Reasons for discontinuation in the biologics-naive group were a lack of efficacy in 61.4% of patients and safety concerns in 21.3%, while in the biologics-failure group, the reasons were the lack of efficacy in 67.7% and safety in 21.2%.
In a multivariate analysis, a predictor of retention in biologics-naive patients was positivity for both rheumatoid factor (RF) and anti-cyclic citrullinated peptide (CCP), with a hazard ratio of 0.71 (95% CI 0.53-0.96). The presence of diabetes as a comorbidity was associated with a lower likelihood of discontinuation (HR 0.61, 95% CI 0.38-0.99, P=0.043).
A predictor of retention among patients with previous biologics failure was positivity for both RF and anti-CCP (HR 0.76, 95% CI 0.62-0.94, P=0.035), whereas primary efficacy failure showed a trend for greater discontinuation rates (HR 1.28, 95% CI 1-1.63, P=0.014). Combination therapy with methotrexate was less likely to lead to discontinuation (HR 0.68, 95% CI 0.55-0.83, P<0.001), while those with patient global assessment scores of 70 or higher were more likely to have discontinued (HR 1.26, 95% CI 1.05-1.52, P=0.040).
At 2 years, good responses according to the criteria of the European League Against Rheumatism (EULAR) were seen in 57.5% of the biologics-naive group compared with 49.4% of the biologics-failure group, while moderate responses were seen in 33.2% and 32.2%, respectively. No response was reported in 9.3% of the biologics-naive group compared with 18.4% of the biologics-failure group.
The higher rates of good and moderate EULAR responses in the biologics-naive group suggested “a greater benefit with earlier treatment,” the researchers stated.

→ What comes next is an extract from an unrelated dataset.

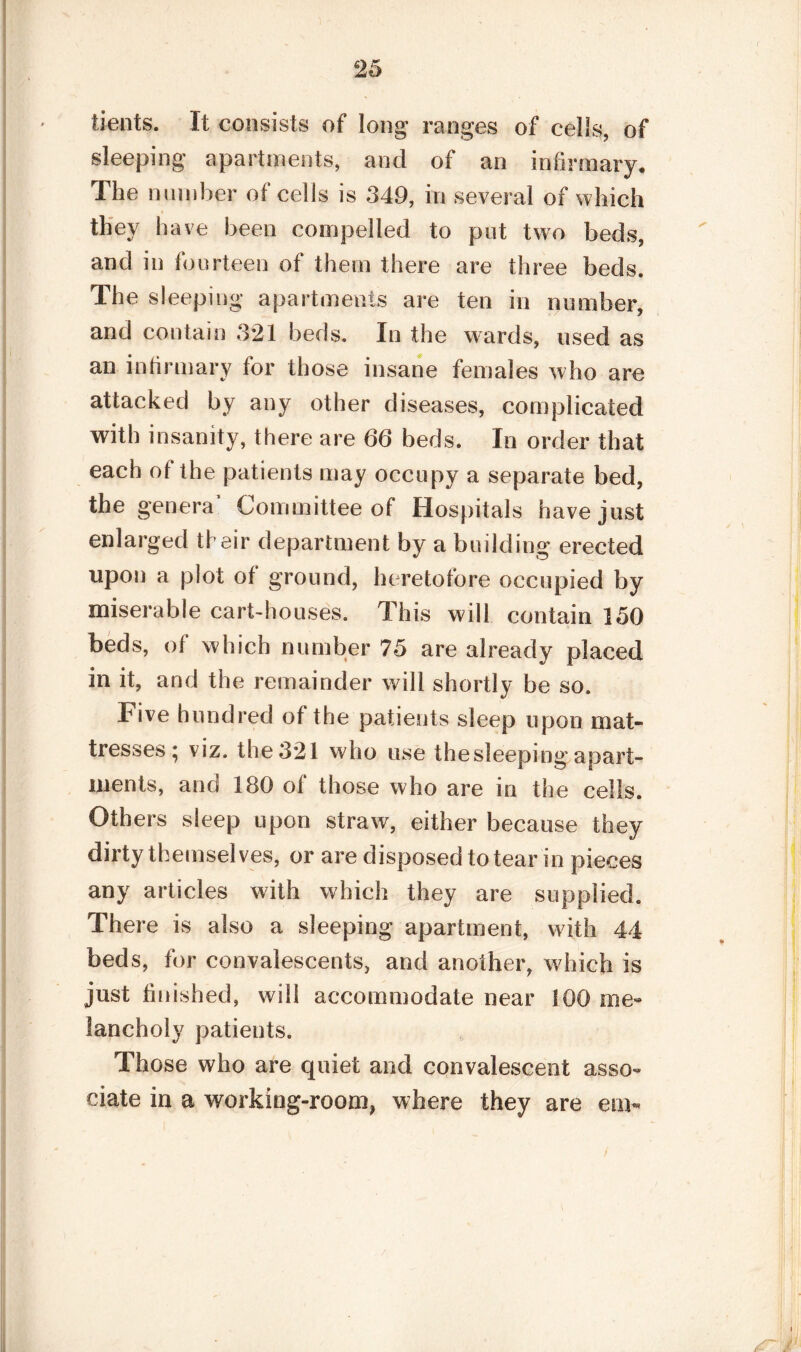 bents. It consists of long ranges of cells, of sleeping apartments, and of an infirmary. The Dumber of cells is 349, in several of which they have been compelled to put two beds, and in fourteen of them there are three beds. The sleeping apartments are ten in number, and contain 321 beds. In the wards, used as an infirmary for those insane females who are attacked by any other diseases, complicated with insanity, there are 66 beds. In order that each ot the patients may occupy a separate bed, the genera’ Committee of Hospitals have just enlarged their department by a building erected upon a plot ot ground, heretofore occupied by miserable cart-houses. This will contain 150 beds, of which number 75 are already placed in it, and the remainder will shortly be so. Five hundred ot the patients sleep upon mat¬ tresses ^ viz. the 321 who use the sleeping apart¬ ments, and 180 of those who are in the cells. Others sleep upon straw, either because they dirty themselves, or are disposed to tear in pieces any articles with which they are supplied. There is also a sleeping apartment, with 44 beds, for convalescents, and another, which is just finished, will accommodate near 100 me- lancholy patients. Those who are quiet and convalescent asso¬ ciate in a working-room, where they are em«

Serious adverse events were reported in 8.2% of patients, and in 94 cases, resulted in treatment withdrawal. Serious infections developed in 76 patients, malignancies were reported in 24, and 27 patients died, two from opportunistic infections. This was similar to the pattern of adverse events in previous trials, the authors noted.
The finding that seropositivity was associated with greater retention may be explained by a recent study that “demonstrated that abatacept inhibits autoantibody-mediated production of inflammatory cytokines by monocytes via the induction of indoleamine 2,3-dioxygenase.”
“These findings have the potential to inform the development of an individualized treatment plan for the optimal management of patients with moderate-to-severe RA,” they concluded.
The study was funded by Bristol-Myers Squibb.
The authors reported financial relationships with Bristol-Myers Squibb, Biogen, Pfizer, UCB, GlaxoSmithKline, AbbVie, Roche-Chugai, Merck Sharp & Dohme, Sobi, Medac, Novartis, Janssen-Cilag, AstraZeneca, Actelion, and Eli Lilly; several authors were employees of Bristol-Myers Squibb.